▶ _What you need to do_:
Quote the whole listing exactly. Leave the pictures out of your copy.

▶ _Information shown_:
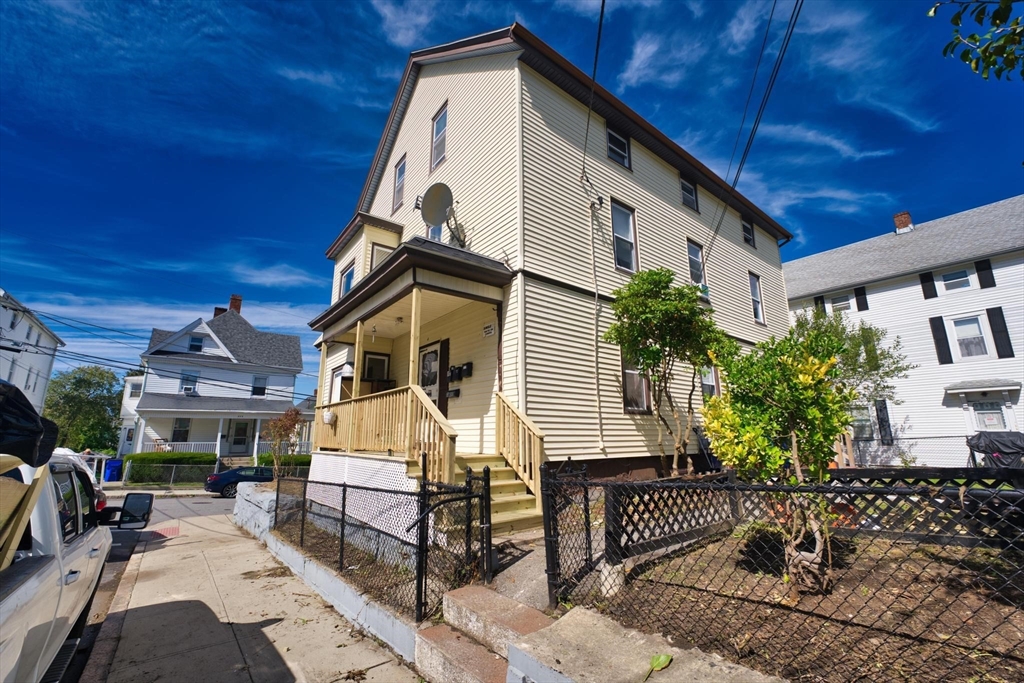 4 Oliver Street Fall River, MA 02724 - Photo 2 of 41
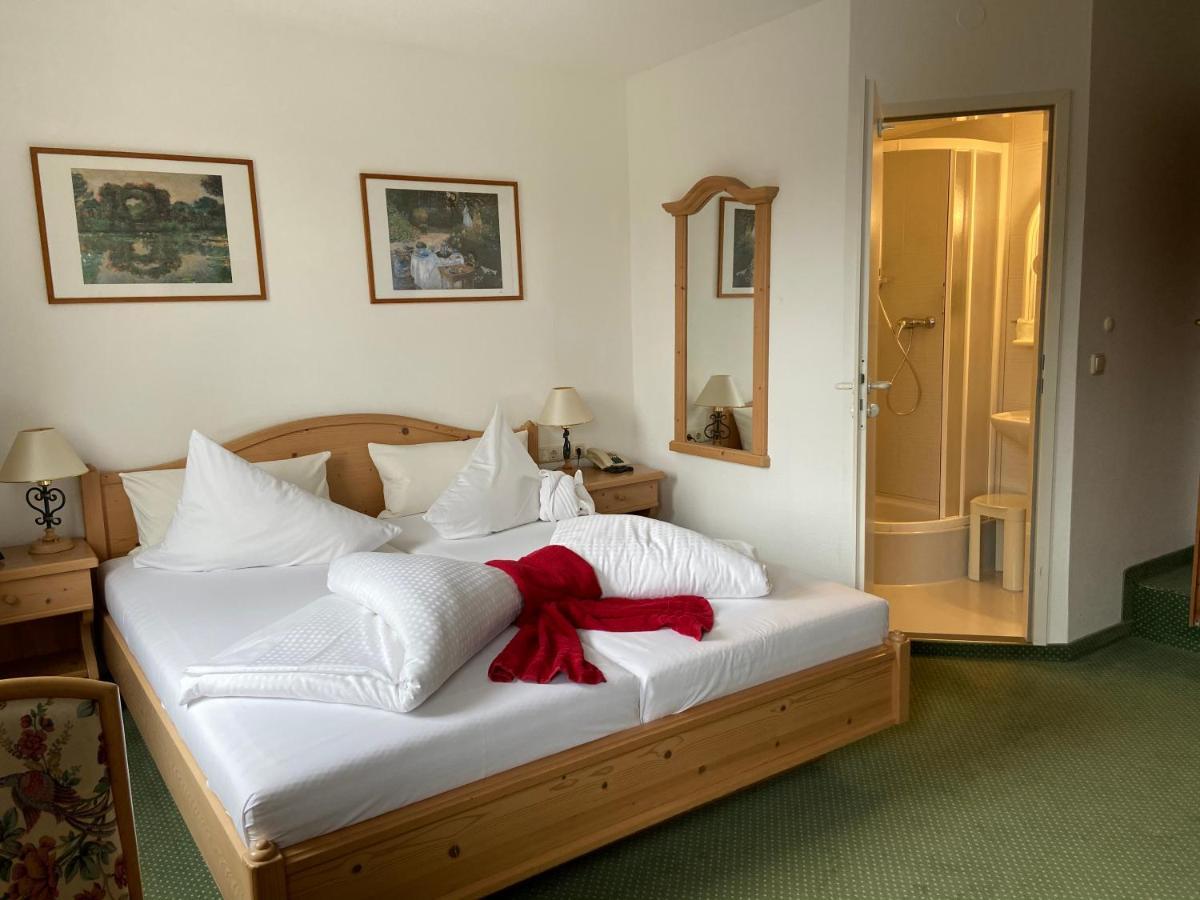 Muldenschlosschen Hotel Lunzenau Buitenkant foto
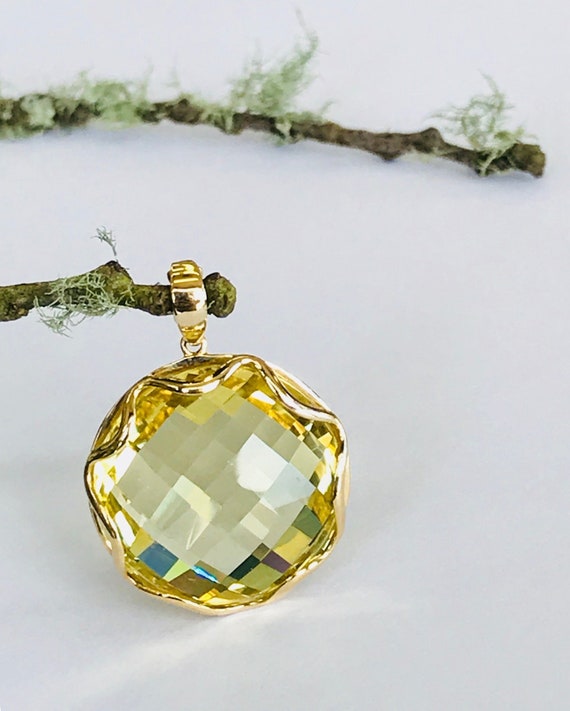 14K Yellow Gold + Faceted Yellow-Green Stone Penda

▶ _Result_:
 4 Oliver Street Fall River, MA 02724 - Photo 2 of 41
 Muldenschlosschen Hotel Lunzenau Buitenkant foto
 14K Yellow Gold + Faceted Yellow-Green Stone Penda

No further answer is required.